The British sex comedy was getting into the swing of things in 1971 which brought the world one of many aphrodisiac yarns, the self-explanatory She'll Follow You Anywhere, the thought that there was some magic formula men could use to get the women turned on and available for seduction one that proved irresistable at the time - to the makers of movies like this, if not the women themselves. When that aphrodisiac in this case is an aftershave Mike and Alan have devised purely by accident, the parallels between their invention and the more modern date rape drugs were difficult to deny when watching this today, especially as the ladies involved would have had nothing to do with these berks without chemical influence.

Therefore this effort has something of a mountain climb if you were going to enjoy it unironically as a straightforward smutty comedy, and indeed the rapey element was just one of a number of issues the twenty-first century viewer may have with it. For a start, rather than at least being eligible bachelors, our protagonists are well and truly married, Alan to the husky voiced Hilary Pritchard as Diane who happens to be friends with June, both of them having suspicions raised when their hubbies are working late just about every night. The reason for that is Mike and Alan are out in the unlikely location of an Army bunker in the woods just outside the appropriately-named Effingham (about the nearest this gets to a decent joke).

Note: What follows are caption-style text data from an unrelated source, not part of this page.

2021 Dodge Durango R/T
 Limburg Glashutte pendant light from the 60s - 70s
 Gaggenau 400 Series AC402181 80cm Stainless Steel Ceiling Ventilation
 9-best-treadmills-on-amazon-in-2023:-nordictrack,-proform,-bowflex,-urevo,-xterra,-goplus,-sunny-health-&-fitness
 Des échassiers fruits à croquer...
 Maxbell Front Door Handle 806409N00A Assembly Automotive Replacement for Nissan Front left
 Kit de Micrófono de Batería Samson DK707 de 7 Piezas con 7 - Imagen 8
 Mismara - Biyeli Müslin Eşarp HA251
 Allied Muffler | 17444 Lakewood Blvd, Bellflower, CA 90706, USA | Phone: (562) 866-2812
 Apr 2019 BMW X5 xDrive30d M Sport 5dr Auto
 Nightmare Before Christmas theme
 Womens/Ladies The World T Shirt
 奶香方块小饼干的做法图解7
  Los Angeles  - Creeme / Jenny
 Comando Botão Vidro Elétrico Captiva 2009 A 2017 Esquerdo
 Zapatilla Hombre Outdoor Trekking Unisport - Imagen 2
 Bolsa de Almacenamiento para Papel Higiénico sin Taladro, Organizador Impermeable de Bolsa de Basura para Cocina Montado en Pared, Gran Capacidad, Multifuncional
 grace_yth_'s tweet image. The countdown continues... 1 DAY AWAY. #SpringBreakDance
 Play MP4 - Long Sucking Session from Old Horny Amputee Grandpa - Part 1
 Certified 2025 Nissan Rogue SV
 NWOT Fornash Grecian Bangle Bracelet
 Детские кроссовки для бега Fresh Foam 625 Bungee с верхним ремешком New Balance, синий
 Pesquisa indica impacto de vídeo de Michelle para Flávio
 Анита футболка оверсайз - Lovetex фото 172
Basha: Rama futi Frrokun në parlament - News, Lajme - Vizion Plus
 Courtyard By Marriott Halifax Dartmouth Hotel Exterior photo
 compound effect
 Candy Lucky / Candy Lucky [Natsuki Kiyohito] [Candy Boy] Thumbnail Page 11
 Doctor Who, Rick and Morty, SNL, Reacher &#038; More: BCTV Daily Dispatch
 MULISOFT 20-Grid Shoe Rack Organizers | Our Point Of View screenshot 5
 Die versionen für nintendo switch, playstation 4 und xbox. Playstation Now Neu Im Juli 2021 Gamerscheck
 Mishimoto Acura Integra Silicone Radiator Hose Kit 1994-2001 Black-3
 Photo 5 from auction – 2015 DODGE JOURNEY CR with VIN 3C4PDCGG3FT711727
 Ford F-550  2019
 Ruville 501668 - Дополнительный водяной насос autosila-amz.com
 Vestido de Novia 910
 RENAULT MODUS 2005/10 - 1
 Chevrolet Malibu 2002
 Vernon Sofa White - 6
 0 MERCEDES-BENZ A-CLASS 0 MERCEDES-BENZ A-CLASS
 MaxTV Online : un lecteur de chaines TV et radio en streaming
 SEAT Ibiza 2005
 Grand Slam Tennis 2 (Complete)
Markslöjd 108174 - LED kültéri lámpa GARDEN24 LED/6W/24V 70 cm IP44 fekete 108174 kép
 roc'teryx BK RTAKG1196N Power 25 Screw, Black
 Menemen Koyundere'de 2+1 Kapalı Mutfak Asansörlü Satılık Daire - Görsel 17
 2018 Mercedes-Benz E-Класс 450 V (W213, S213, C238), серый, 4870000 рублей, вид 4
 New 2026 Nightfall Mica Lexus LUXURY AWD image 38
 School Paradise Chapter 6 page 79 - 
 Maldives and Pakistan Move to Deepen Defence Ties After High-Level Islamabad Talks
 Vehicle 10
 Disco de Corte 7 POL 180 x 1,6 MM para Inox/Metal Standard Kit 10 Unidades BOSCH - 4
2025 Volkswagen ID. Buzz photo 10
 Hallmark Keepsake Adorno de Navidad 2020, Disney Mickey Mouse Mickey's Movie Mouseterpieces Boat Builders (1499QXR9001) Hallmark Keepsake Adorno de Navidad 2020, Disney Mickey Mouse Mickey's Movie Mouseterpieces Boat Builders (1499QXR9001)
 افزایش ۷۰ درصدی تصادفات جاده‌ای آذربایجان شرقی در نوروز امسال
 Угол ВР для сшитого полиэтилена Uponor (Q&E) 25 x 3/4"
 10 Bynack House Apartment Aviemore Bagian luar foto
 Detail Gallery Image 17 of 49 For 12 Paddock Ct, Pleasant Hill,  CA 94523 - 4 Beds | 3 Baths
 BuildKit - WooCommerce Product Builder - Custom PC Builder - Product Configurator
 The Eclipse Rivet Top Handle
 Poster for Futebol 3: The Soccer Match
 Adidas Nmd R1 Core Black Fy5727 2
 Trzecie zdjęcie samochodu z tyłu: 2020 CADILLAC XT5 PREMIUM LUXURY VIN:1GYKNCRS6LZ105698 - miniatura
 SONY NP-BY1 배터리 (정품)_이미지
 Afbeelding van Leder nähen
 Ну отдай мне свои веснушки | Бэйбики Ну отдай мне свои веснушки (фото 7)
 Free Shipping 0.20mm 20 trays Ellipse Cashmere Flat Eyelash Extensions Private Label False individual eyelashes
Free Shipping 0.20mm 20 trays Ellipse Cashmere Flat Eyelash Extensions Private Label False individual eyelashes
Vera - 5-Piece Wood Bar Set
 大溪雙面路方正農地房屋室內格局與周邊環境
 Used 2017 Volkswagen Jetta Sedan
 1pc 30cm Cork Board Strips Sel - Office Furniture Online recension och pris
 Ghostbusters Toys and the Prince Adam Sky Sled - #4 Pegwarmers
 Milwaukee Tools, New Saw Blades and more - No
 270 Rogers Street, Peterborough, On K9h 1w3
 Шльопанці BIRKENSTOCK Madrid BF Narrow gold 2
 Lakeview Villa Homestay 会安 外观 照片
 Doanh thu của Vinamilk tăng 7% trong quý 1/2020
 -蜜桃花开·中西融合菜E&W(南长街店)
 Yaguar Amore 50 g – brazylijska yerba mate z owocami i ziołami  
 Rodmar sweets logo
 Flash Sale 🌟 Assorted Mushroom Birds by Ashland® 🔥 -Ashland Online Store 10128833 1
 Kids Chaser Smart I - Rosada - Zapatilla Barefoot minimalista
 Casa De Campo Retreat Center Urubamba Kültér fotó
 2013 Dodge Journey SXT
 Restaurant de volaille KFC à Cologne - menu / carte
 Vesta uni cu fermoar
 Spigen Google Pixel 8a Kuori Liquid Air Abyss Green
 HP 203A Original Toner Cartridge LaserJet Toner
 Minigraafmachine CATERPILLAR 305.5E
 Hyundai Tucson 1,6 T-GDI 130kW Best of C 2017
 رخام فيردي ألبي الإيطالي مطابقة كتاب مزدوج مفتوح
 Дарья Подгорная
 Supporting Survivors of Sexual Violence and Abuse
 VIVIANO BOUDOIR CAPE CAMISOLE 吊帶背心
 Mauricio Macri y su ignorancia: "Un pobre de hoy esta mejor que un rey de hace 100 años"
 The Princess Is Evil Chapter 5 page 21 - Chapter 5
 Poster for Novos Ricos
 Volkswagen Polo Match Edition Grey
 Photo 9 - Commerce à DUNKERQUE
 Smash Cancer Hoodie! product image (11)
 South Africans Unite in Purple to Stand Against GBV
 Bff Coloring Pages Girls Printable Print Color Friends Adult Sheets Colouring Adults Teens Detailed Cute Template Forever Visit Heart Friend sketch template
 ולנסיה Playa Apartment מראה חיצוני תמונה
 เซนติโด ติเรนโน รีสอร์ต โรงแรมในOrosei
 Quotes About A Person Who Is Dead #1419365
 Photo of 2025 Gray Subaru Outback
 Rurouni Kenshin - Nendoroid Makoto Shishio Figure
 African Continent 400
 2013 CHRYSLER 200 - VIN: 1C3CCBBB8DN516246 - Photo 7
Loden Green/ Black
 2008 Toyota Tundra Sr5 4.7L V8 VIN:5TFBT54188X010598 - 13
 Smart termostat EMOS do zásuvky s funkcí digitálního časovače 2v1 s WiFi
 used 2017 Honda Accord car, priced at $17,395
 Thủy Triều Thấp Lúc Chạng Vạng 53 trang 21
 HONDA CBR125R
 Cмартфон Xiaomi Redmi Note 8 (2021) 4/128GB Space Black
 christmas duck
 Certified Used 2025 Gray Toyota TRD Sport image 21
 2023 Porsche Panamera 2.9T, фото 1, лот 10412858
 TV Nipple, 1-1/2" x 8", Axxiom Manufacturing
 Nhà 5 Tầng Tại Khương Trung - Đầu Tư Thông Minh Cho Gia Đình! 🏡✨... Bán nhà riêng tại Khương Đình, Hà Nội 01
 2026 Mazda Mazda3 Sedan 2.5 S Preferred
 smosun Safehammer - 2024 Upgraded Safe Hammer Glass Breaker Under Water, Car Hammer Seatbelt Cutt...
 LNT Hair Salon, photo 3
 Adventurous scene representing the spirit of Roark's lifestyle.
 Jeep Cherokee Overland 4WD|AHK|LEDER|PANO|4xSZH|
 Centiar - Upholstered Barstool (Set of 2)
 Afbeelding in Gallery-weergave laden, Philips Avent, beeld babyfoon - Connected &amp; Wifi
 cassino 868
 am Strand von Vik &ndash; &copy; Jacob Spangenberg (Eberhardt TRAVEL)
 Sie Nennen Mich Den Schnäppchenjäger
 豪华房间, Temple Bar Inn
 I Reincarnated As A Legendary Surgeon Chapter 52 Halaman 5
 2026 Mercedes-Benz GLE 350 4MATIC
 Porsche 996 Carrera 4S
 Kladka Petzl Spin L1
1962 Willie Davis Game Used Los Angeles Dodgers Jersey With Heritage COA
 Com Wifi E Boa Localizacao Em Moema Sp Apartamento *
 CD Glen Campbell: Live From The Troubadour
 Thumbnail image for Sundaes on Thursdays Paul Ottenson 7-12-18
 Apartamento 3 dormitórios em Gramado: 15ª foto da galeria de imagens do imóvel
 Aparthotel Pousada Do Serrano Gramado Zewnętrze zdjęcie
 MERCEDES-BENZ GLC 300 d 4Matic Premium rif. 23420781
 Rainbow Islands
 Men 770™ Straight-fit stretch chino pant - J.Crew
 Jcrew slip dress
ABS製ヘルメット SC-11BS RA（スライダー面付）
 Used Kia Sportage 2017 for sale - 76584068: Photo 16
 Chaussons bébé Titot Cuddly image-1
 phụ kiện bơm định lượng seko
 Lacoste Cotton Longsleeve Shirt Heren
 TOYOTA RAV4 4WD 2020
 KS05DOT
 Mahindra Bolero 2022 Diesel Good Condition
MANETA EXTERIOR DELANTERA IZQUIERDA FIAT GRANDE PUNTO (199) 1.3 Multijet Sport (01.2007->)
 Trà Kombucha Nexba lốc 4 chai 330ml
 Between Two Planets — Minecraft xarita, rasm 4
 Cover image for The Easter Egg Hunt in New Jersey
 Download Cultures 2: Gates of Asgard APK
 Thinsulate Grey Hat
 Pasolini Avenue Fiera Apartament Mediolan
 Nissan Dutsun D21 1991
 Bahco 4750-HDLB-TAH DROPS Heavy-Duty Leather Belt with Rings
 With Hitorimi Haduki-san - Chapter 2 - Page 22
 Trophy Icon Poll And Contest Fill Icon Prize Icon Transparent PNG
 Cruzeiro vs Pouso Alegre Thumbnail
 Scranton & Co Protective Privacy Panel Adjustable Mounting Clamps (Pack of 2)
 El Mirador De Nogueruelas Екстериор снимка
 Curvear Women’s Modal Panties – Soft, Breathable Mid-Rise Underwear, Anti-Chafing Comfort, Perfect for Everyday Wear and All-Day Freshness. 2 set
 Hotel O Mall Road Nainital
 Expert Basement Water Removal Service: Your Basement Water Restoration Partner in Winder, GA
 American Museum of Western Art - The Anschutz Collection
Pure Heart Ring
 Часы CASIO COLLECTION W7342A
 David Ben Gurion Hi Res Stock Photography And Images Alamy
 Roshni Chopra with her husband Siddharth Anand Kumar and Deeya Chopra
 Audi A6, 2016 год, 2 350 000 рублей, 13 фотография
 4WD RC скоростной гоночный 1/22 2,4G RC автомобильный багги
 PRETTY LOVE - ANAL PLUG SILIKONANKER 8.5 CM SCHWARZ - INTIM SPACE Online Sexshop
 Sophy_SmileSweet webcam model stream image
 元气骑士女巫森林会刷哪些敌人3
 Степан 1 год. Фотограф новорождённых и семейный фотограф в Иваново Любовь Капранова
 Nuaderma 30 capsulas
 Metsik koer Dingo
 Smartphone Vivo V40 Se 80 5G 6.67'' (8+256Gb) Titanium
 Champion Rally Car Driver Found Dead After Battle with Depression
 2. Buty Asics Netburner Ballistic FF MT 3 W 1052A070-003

They have transformed this into a red lampshade, double bed, patterned scarf-festooned boudoir not unlike what the average seventies bloke would imagine a high class brothel would look like, which is somehow supposed to render this more acceptable. But then there's the details: whenever the targets get a whiff of the aftershave, they immediately envisage the man of their dreams to be Alan or Mike, so we get a brief still of George Best to indicate thus, though when the still is of H.R.H. Prince Philip this is simply getting bizarre. Or even offensive: one German girl brought back to the bunker sees a "celebrity" from her homeland, yes, who else but Adolf Hitler? This also turns her into a fiend for sadomasochism as she chases Alan around the room trying to whip him with the handle of a feather duster.

International bones of contention aside, one problem the audience may have had with She'll Follow You Anywhere was filmmakers' reluctance to ask the actresses to strip off to anything less than their underwear, indeed we saw more of Keith Barron than we did of most of them, though sadly for comic potential at no point did he get cramp. Mind you, if these characters were against their will parading around in their birthday suits it might have been even more uncomfortable to watch than it was already, the fact that Alan and Mike are depicted to leave us in no doubt that they were idiots not really soothing any concerns. Sure, they feel a bit guilty, but like addicts seeking their next fix they pursue the perfect combination of concoctions, leading to various drawbacks such as Mike having to visit the clinic where his member is examined by a doctor who lifts it with the tongs he uses to put sugar lumps in his tea. After lecherous boss Richard Vernon gets in on the act, the only course is to leave us with the obvious punchline seeing revenge visited on the experimenters. So there you go, men are pigs. Music by Gordon Rose.